A lot has happened in the field of diabetes therapy in recent years. Many new active ingredients have appeared on the market. However, metformin and lifestyle modifications are still considered first-line treatments. After that, therapy planning becomes a bit more difficult. Precise knowledge of the effects and side effects of each substance is necessary to make an individualized decision. A possible approach to therapeutic diversity was highlighted by an event at the SGIM Congress in Basel.
In addition to insulin, the administration of which is never wrong in principle, there are the following agents that are relevant in practice. Prof. Marc Donath, MD, Chief of Endocrinology, Diabetology and Metabolism at the University Hospital Basel, discussed the advantages and disadvantages of the individual substances.

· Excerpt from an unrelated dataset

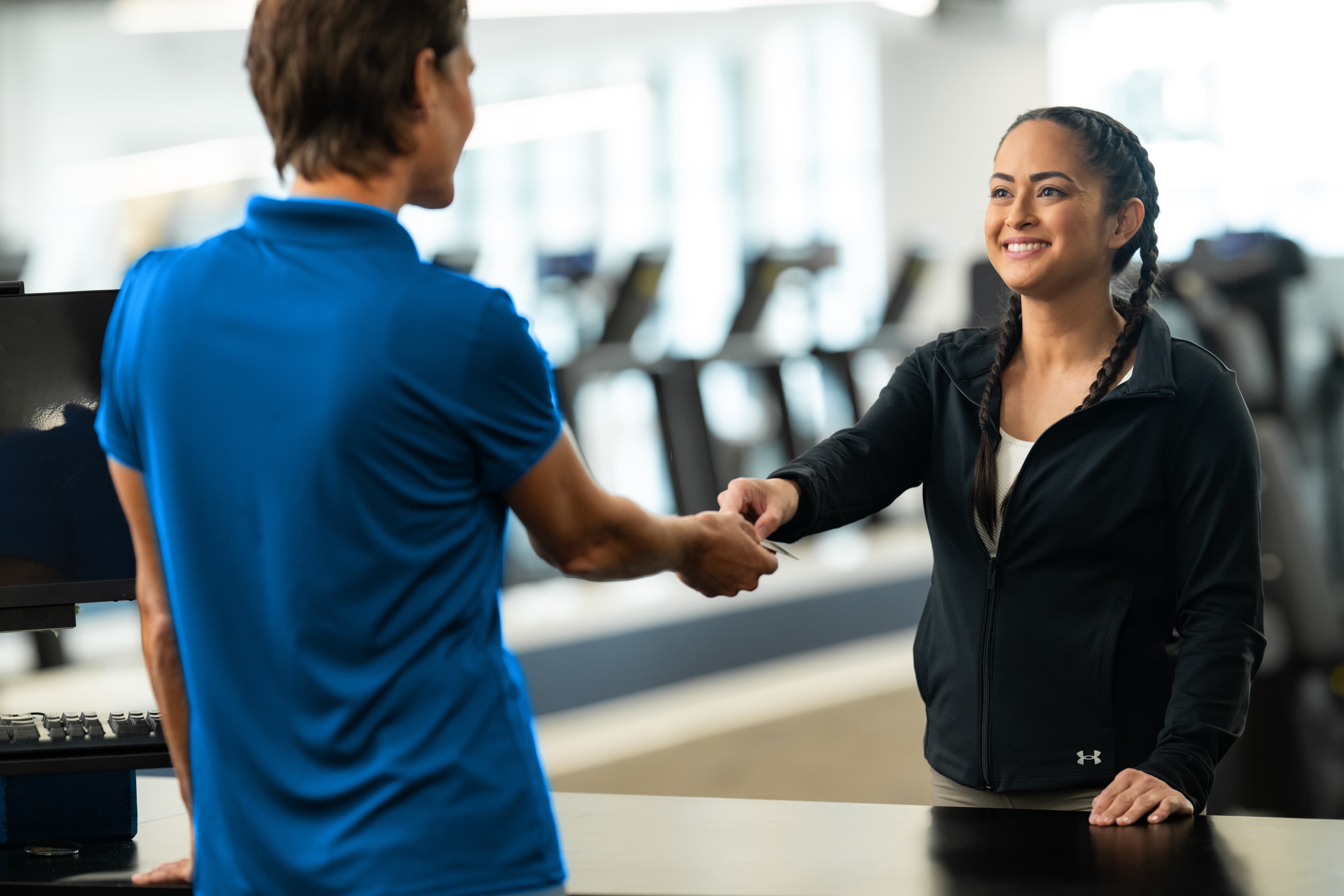Nonprofit staff reviewing member engagement and retention data in membership management software for nonprofits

What do the guidelines advise?
Key points of the ADA/EASD guidelines (position paper) on type II diabetes are:
- In any case, glycemic targets and therapies must be individualized. “The diabetic is not just an HbA1c,” is the motto. Young healthy patients tend to require more ambitious HbA1c targets (6-6.5%), whereas in older patients the side effect profile and comorbidities become all the more important and targets are therefore adjusted somewhat (7.5-8%). The goal is to avoid hypoglycemia (as it is cardiovascularly significant).
- The basis of treatment remains lifestyle modifications (weight loss, healthy diet, increased physical activity).
- Metformin is first-line agent (combined with lifestyle).
- After metformin, the data are (still) limited and a clear recommendation is therefore difficult.
A possible therapeutic regimen is shown in Table 1.
Incretin-based therapies
Incretin-based therapies with DPP-4 inhibitors and GLP-1 receptor agonists are assuming a growing role in diabetes therapy. They are often used in the second-line setting after metformin. Because GLP1 analogues lead to weight loss, they are the primary choice for patients with obesity. Exenatide (Byetta®) is administered twice daily. In the meantime, with Bydureon® there are also a once-weekly form that works very well in about one-third of patients. Among other things, exenatide also slows gastric emptying. The nausea caused by eating too much, which can sometimes occur as a side effect, is almost seen as an effect in terms of weight reduction. However, reduced food intake and body weight loss have also been demonstrated independently of the occurrence of nausea. Liraglutide (Victoza®) is administered once daily. It is also now available as a combination with a basal insulin (insulin degludec), under the name Xultophy®.
SGLT2 inhibitors
SGLT2 inhibitors such as dapagliflozin, canagliflozin, and empagliflozin can generally be combined with all antidiabetic agents. Their effect is insulin-independent. Compared with placebo, they significantly lower HbA1c both in monotherapy and in combination (e.g., with metformin, sulfonylureas, insulin, or DPP4 inhibitors). Blood pressure is also lowered (systolic slightly more than diastolic, about 4-5 mmHg). The decrease is more pronounced in uncontrolled blood pressure. The probability of hypoglycemia is comparable to placebo.
SGLT2 is responsible for approximately 90% of total renal glucose reabsorption. Inhibition of this increases the excretion of glucose in the urine. Plasma glucose is thus reduced, hyperglycemia addressed, and weight loss supported, with 80-100 g glucose = 300-400 cal/d. Weight loss is clinically relevant and lasts for an extended period of time.
Disadvantages include the threat of (uro-)genital infections, which are more likely due to increased glucose excretion in the urine. Summarizing the current study situation, it appears that urinary tract infections are slightly more common compared to placebo. However, while this difference is relatively small and not always present, genital tract infections, on the other hand, occur significantly more often than with placebo.
Also relevant: This is a new class of agents with partially unexplored effects; only recently has it been shown [1] that SGLT2 inhibition drives glucagon secretion. A potentially problematic side effect that needs to be explored in more detail.
“Overall, SGLT2 inhibitors are good drugs, but they have to be used correctly,” Prof. Donath said. “Also, it’s important to remember that we’re only treating the symptoms with this and not the diabetes as such.”
Source: Update Diabetes, SGIM-Congress, May 20-22, 2015, Basel
Literature:
- Bonner C, et al: Inhibition of the glucose transporter SGLT2 with dapagliflozin in pancreatic alpha cells triggers glucagon secretion. Nat Med 2015 May; 21(5): 512-517.